Unfortunately, I don’t know of an easy way to package up data volume containers (an issue I’ve also come up against with database data stores). What I’d like to be able to do is have a simple “docker datahub” that I could push data volumes to, and then be able to say something like docker run -d --volumes-from psychemedia/reconciliation-data:westminster_constituency --name recon_constituencies psychemedia/reconciliation. Here, --volumes-from would look up data volume containers on something like registry.datahub.docker.com and psychemedia/reconciliation from registry.hub.docker.com.
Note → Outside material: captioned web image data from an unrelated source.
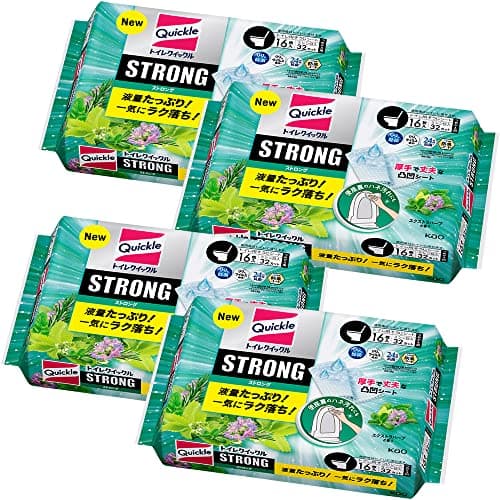 クイックル 【まとめ買い】トイレクイックルストロング トイレシート ワイプ 液量たっぷり! 便座裏のハネ汚れも一気にラク落ち! エクストラハーブの香り 替え16枚×4個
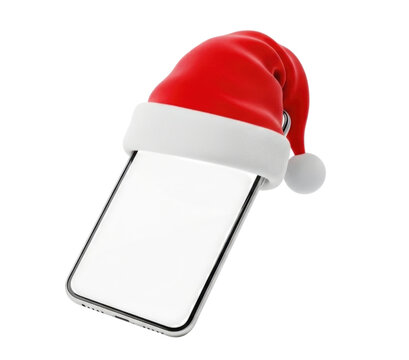 Smartphone with santa hat transparent background cutout png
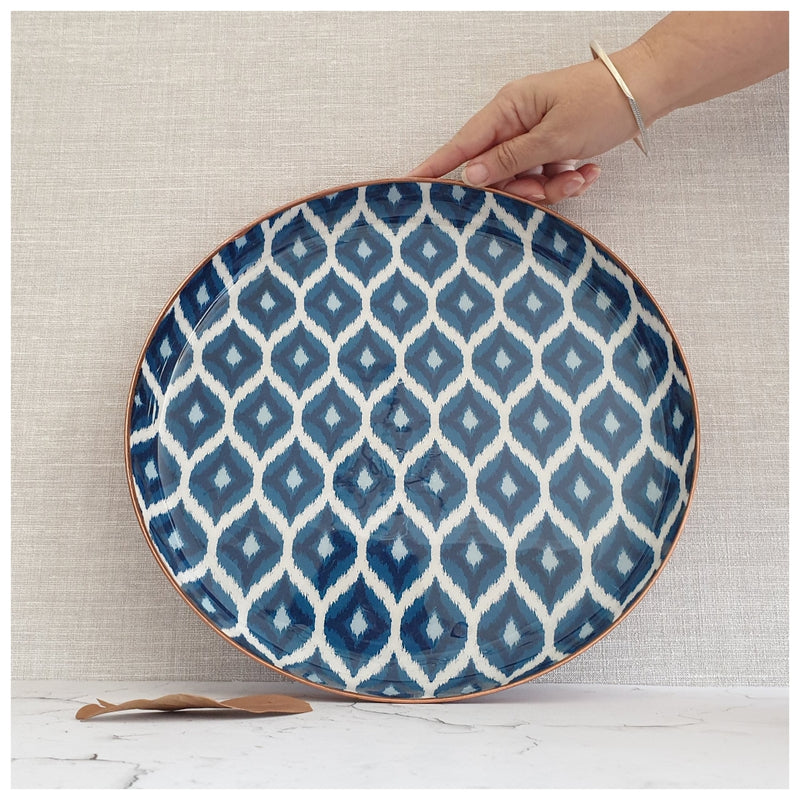 Metal Platter & Tray - Round - Ikat Blue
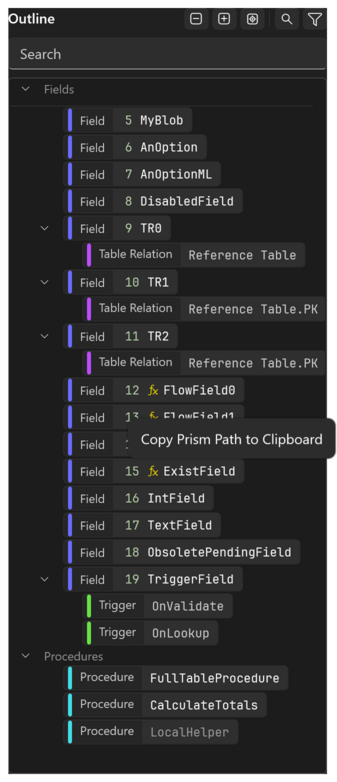 Prism for C/AL outline scrolled into the fields with the group rows pinned and the context menu of a field open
So where’s all this going, and what next? First up, it would be useful to have an official Dockerfile that builds Michael’s Reconcile CSV server. (It would also be nice to see an example of a Python based reconciliation server – because I think I might be able to hack around with that! [UPDATE – there is one here that I forked here and dockerised here]) Secondly, I really need to find a way through the portable data volume container mess. Am I missing something obvious? Thirdly, the reconciliation server needs a bit of optimisation so it can work with larger files, a fast fuzzy match of some sort. (I also wonder whether a lite reconciliation wrapper for PostgreSQL would be useful that can leverage the PostgreSQL backend and fuzzy search plugin to publish a reconciliation service?)
And what’s the payoff? The ability to quickly fire up multiple reconciliation services against reference CSV documents.